The first 30 days often determine long-term retention

One of the most important windows in the customer lifecycle happens immediately after purchase.

And many brands still underinvest in it.

Really leaning in on engagement trends early—looking at a customer’s first month and interaction with your program—is a really healthy indicator.

That early lifecycle period often shapes whether a customer becomes repeat or one-time, which channels they respond to, what messaging resonates, and how engaged they remain over time.

The strongest retention programs are becoming increasingly sophisticated at identifying these signals early and adjusting journeys dynamically based on customer behavior.

That often means looking closely at how customers originally signed up, what products they browsed before purchasing, which content they engaged with, and how they behave immediately after conversion.

Looking at how they signed up, or the path it took them to get to their first purchase, is a great indication of what we need to resurface.

This is where AI starts becoming operationally useful.

Not because it replaces marketers—but because it helps teams recognize patterns faster, coordinate journeys more intelligently, and respond while those signals still matter.

Personalization is about relevance—not just automation

Many brands still approach personalization too narrowly.

Adding a first name to an email subject line is not personalization.

Real personalization requires context.

The strongest personalization strategies are built around behavioral patterns, loyalty signals, purchase timing, channel preferences, and customer intent—not just static segmentation.

Who are our customers? How do they like to engage? How often do they do that? What is the content and storytelling that we need to lead them and guide them?

Historically, many brands started with campaigns and then selected audiences afterward.

Now, stronger retention programs increasingly begin with customer behavior and build journeys around intent, engagement patterns, and channel preference from the start.

The value of AI isn’t simply that it helps brands send more messages.

It’s that it helps teams respond to customer signals with more speed, relevance, and consistency.

Most brands don’t have an AI problem—they have a foundation problem

Despite all the excitement around AI, many brands are still struggling with foundational lifecycle challenges.

Customer data remains spread across disconnected systems.
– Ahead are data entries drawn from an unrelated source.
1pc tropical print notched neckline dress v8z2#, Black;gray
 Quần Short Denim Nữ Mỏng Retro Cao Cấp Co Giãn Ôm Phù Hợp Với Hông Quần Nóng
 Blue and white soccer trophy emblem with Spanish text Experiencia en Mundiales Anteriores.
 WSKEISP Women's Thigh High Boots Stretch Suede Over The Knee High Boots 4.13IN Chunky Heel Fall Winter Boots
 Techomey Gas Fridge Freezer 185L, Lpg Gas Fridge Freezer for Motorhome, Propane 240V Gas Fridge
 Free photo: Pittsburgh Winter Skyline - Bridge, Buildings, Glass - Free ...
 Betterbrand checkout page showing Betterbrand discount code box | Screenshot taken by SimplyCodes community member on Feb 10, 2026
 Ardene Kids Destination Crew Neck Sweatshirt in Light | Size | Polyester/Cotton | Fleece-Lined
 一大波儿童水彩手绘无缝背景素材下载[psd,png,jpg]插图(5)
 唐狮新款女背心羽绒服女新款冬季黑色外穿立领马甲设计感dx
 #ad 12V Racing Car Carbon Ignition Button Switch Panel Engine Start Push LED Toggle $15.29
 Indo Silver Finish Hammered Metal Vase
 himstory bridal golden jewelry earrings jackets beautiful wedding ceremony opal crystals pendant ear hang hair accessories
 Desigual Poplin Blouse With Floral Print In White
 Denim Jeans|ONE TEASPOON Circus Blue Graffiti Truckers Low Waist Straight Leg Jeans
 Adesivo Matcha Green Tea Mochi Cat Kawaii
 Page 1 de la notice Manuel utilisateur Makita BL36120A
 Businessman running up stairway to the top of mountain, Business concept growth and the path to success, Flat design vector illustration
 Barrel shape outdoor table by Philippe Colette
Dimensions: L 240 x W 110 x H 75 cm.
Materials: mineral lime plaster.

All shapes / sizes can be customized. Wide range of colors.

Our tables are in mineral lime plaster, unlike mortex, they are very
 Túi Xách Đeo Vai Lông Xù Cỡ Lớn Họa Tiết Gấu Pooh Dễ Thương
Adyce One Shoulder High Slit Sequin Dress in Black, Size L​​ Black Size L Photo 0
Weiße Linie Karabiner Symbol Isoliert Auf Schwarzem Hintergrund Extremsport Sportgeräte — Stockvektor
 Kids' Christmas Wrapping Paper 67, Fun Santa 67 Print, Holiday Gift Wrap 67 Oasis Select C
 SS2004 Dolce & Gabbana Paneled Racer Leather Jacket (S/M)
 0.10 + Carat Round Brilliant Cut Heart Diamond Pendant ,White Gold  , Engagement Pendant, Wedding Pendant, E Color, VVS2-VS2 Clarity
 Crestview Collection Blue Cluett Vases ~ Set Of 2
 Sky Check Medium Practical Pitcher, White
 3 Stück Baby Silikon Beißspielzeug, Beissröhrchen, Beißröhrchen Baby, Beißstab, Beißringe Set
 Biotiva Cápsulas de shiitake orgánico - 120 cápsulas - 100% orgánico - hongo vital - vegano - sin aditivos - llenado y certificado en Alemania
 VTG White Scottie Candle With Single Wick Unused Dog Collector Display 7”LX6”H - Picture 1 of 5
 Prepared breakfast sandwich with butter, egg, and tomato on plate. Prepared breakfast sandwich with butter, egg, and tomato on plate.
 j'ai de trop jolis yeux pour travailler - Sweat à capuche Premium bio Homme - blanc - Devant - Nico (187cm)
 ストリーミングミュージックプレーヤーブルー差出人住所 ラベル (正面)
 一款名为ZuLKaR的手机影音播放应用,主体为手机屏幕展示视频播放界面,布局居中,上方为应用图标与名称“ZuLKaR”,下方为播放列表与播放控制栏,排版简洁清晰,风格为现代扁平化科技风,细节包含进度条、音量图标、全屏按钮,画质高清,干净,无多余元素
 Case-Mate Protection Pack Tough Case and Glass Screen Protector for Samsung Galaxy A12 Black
Journeys feel fragmented across channels. Personalization is inconsistent. Segmentation remains reactive instead of predictive.

That’s why I believe brands need to evaluate their foundations before chasing every new trend.

Pause and do your own mini gap analysis.

That means stepping back and asking harder operational questions. Are channels actually working together cohesively? Is customer data informing smarter journeys? Are teams optimizing for long-term value or simply chasing short-term conversion metrics?

I think it’s our responsibility to not just check the box, but to really look at what we’re doing and ask—are we perfecting these areas? Are we doing them to the best of our capability? And are we seeing results? 

That mindset is what separates strategic AI adoption from performative AI adoption.

Because ultimately, AI is only as effective as the strategy, systems, and customer signals behind it.

The future of retention belongs to brands that operationalize customer signals

The conversation around AI in marketing is maturing.

The novelty is fading. Expectations are rising. And brands are starting to recognize that technology alone does not create competitive advantage.

The advantage comes from how effectively brands apply it.

The brands that will win in the next era of ecommerce will not necessarily be the ones with the most tools or the loudest AI strategy.

They’ll be the brands that use AI to recognize customer behaviors earlier, coordinate journeys more intelligently, personalize experiences more consistently, and improve retention with greater precision.

Because growth does not come from checking a box.

It comes from building systems that help brands respond to customers more thoughtfully, consistently, and at scale.